On Understanding the Trinity

By Rod Hemphill

Hello, Readers.

Some time ago, a young lady in our church reported on a conversation she was having with one of her friends at her college.  This friend was having difficulty accepting the God of the Bible because of several confused or erroneous ideas, including an inability to comprehend the concept of God as a trinity.  What follows is my response, edited for a larger audience.

Hi Laura.

A most interesting letter!  Perhaps the following information will help you formulate a suitable response to your friend's letter.  I have excerpted certain quotes from the letter and addressed my remarks to them.  Here we go . . . .

Your friend wrote:

"What you see depends on how you look at it.  Or to use a quote from the movie "Star Wars,"  truth sometimes depends on your point of view.  And most importantly, they can all be valid even though they may be contradictory. . . For example, the concept of God as the Father, the Son, and the Holy Spirit.  On the surface, it seems nonsensical that one entity can be all three things at once. . .

"I would argue that God is an "incoherent" entity who can manifest in multiple states simultaneously depending on your point of view" . . . One person will see a hazy, "incoherent" entity with indeterminate form (a non-atheist who doesn't believe in any of the world's religions), one person will see the Father (e.g., Judaism), one person will see the Son (e.g., Christianity), and one person will see the Holy Spirit (e.g., New Age Spirituality).  I personally believe in all of the above and that they are all valid points of view."

Well, yes, what the truth is does depend on how you look at it.  Given an actual situation, there may be several truths emanating from it.  But these are differing aspects of truth, rather than contradictions.  When contradictions seem to appear, they are really paradoxes, which means that one's knowledge is incomplete, because reality has no contradictions.

On a more usual level, what the truth is, is determined by the context of the situation and by accuracy and completeness in observing, remembering and recording the facts.   Facts isolated from their context are meaningless and easily misrepresented.

Your friend's identifications of the Father, Son and Holy Spirit are overly simplistic, and without further elaboration, are erroneous.

  • Adherents of Judaism worship one God.  But the Jewish scriptures also indicate an awareness of God as a holy Spirit, and of theophanies (visible, tangible manifestations of God), even though Judaism does not think in terms of a trinity.
  • Christianity has emphasized the Son, but has been insistent that the Father, Son and Holy Spirit are all equal members of the one, single Godhead.
  • The "Holy Spirit" of New Age has nothing to do with the Holy Spirit of the Bible.  New Agers use that term in a cavalier way to mean whatever mystical sense of spirit they have in mind at the moment.  I have a dog which, because of his black mask, we named Bandit.  At one time I also had a pet raccoon, which I named Bandit for the same reason.  Yet despite the facts that they both had black masks, both were mammals, both were my pets, and both seemed to exhibit some affection to me, "Bandit" the raccoon did not correspond in any way to "Bandit" the dog.  They were two distinctly different realities.  When a New Ager refers to the Holy Spirit, he does not mean the Holy Spirit of the Bible.
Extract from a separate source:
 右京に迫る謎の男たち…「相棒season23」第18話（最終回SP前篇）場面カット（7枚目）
The confusion or complexity of the Trinity (i.e., how a single essence can be three separate entities) disappears when one considers composite forms, such as water or a triumvirate, or modes of manifestation.  For example,

  • Water is made up of 2 distinct, identifiable elements –oxygen and hydrogen.  But joined together as a compound, they create water.  The oxygen is still there and identifiable, and so also the hydrogen, but joined together they appear as a new thing –water.  So also, the Father, Son and Holy Spirit are the three elements of the Trinity, but together they form a new thing, and this new thing is what we call God.

And a different illustration would be a . . .
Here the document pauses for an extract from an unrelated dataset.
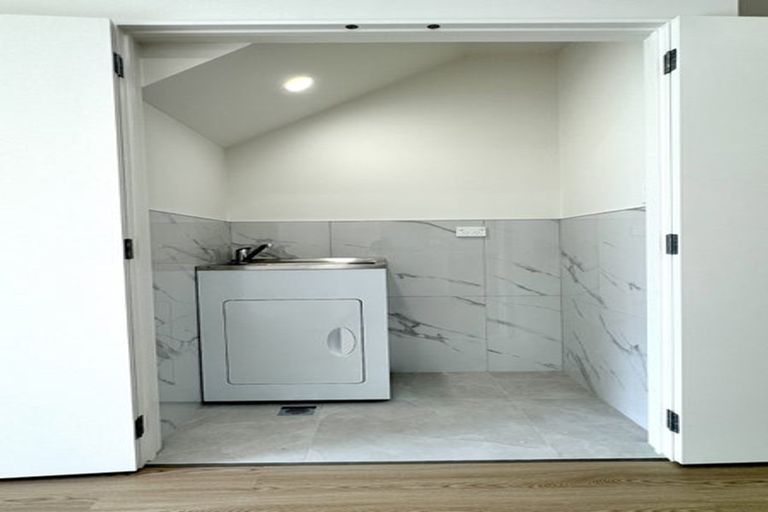 Photo of property in 33a Hillside Road, Papatoetoe, Auckland, 2025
  • Triumvirate.  In Roman times, a triumvirate referred to three officers or magistrates acting jointly.  In the case of the Trinity, you would have three distinct personages joined together to form a new identifiable unit called a triumvirate or Trinity.  Without any of the three, the triumvirate would not exist.  But together, the three form a new ruling unit.  When any one of the three delivers the decrees of the triumvirate, you may be looking at just one of the three, but you are not dealing with him as an individual.  You are dealing with him as one in whom the full authority and existence of the triumvirate is embodied.  According to this way of picturing it, the Trinity is a form of triumvirate, which the Bible refers to as the Godhead (–Acts 17:29; Romans 1:20; Colossians 2:9).
  • But there is also another way in which the Trinity is sometimes understood, in which the three personas of the Trinity are seen as three separate ways in which the one and same God manifests himself to mankind, accommodating our inability to otherwise have any comprehension of Him who inhabits a dimension of reality beyond human comprehension.

However your friend may choose to think of it, these illustrations may help him better comprehend the idea of Trinity, or Tri-Unity. 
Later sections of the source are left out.